Task goal: Below are some entries; state how many of their lines include the word "Velvet" and give no more than that number.

^^^^^^^^^^^^^^^^

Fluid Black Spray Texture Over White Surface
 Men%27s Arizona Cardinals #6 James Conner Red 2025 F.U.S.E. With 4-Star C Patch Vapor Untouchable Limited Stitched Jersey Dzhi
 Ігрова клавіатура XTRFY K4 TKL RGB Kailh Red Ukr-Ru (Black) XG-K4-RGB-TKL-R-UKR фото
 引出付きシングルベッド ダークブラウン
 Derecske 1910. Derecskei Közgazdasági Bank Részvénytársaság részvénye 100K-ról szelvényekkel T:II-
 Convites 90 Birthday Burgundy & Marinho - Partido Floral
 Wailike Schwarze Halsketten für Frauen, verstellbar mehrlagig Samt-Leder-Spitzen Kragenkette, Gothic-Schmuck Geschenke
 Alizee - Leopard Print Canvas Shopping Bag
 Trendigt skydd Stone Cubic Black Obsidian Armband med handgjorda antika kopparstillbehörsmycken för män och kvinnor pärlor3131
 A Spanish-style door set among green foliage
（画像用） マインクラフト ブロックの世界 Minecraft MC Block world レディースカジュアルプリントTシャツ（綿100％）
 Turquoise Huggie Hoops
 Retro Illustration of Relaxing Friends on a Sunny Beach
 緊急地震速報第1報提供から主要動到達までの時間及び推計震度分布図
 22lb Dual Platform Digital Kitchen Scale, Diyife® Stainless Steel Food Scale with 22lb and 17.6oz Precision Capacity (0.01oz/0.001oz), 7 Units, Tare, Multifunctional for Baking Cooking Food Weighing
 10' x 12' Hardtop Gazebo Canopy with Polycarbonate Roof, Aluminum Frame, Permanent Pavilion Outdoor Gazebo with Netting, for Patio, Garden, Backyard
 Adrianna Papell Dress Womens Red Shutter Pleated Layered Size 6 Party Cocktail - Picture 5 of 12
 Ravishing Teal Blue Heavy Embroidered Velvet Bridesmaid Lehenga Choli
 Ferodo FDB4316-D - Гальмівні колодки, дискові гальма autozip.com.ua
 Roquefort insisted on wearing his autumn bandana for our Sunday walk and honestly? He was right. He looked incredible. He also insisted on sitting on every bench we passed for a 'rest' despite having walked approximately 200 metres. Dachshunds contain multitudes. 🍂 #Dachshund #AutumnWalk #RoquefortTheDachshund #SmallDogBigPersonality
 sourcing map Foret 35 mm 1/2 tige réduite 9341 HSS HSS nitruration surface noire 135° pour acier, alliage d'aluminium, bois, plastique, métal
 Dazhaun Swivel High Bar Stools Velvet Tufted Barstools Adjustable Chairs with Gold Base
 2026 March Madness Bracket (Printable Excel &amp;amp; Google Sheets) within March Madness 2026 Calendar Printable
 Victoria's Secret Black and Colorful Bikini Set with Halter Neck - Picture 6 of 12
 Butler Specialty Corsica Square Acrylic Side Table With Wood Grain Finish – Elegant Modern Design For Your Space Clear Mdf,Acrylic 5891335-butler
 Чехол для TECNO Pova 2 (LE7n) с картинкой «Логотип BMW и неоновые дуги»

^^^^^^^^^^^^^^^^

Task response: 2